Ramani stood by her article in Vogue India, in which she spoke about the sexual harassment she faced. “Their [Akbar’s] case is I published my tweets, article for Vogue... there is no contestation,” she said. “I admit to have written all of these. I am not denying them. I have never denied them.”
Last month, Ramani and Akbar had rejected the court’s proposal for mutual settlement in the case.
On November 18, the Delhi High Court had transferred Additional Chief Metropolitan Magistrate Vishal Pahuja, who presided over the case. He was replaced by Ravindra Kumar Pandey.
Ramani had first made the allegations about an incident of sexual harassment by an acclaimed newspaper editor in an article in Vogue India in 2017. She identified Akbar as that editor during the #MeToo movement in 2018. Soon after, around 20 more women accused Akbar of sexual misconduct over several years during his journalistic career.
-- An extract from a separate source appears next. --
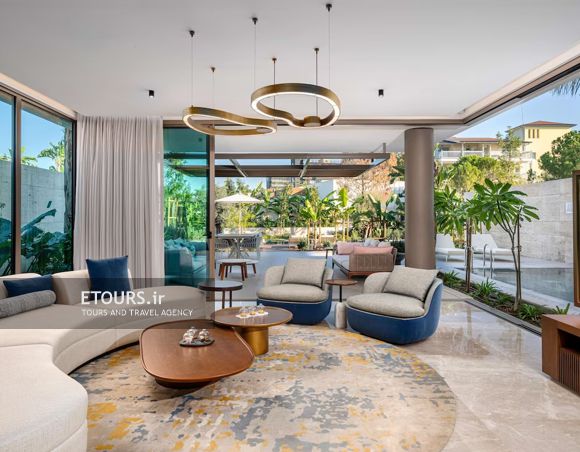 اتاق لوکس لاگون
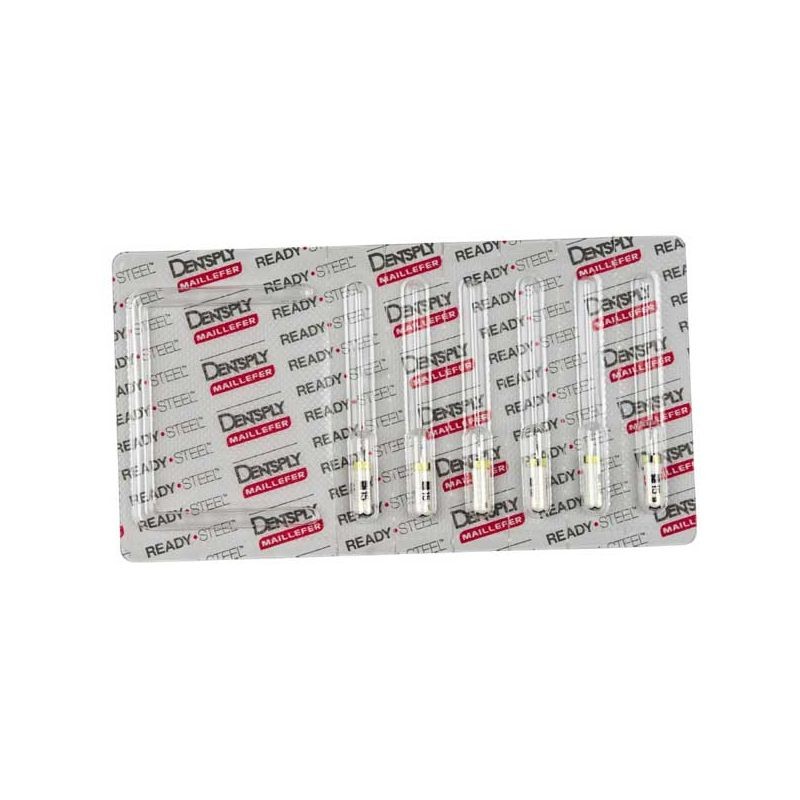 Limas K-file Ready Steel 15 En 21 Mm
The Patiala House Court summoned Ramani as an accused in January 2019 after Akbar filed the defamation case against her. In February 2019, she was granted bail on a personal bond of Rs 10,000.
In May, Akbar denied meeting Ramani in a hotel room where she alleged he had sexually harassed her. He also dismissed all the information that Ramani provided about the meeting.
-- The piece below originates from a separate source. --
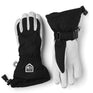 Hestra Heli Ski 5-finger Handschuhe Damen | schwarz | Größe 6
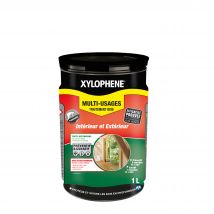 Traitement Bois Multi-usages Intérieur / Extérieur 1 L - Xylophene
Ramani told the court in Delhi on September this year that she deserved to be acquitted, because she shared her experience in good faith and encouraged other women to speak out against sexual harassment. Her lawyer Rebecca John, while submitting the final arguments in the case, said that Ramani had proved her allegations against Akbar with solid evidence, which were also confirmed by multiple women.
Ramani’s also responded to Akbar’s accusation that her tweets had tarnished the reputation he built through his work. “Hard work is not exclusive to MJ Akbar,” she said. “This case is not about how hard he worked.. My case is that before I met him, I admired him as a journalist. But his conduct with me and the shared experience of other women do not justify this complaint.”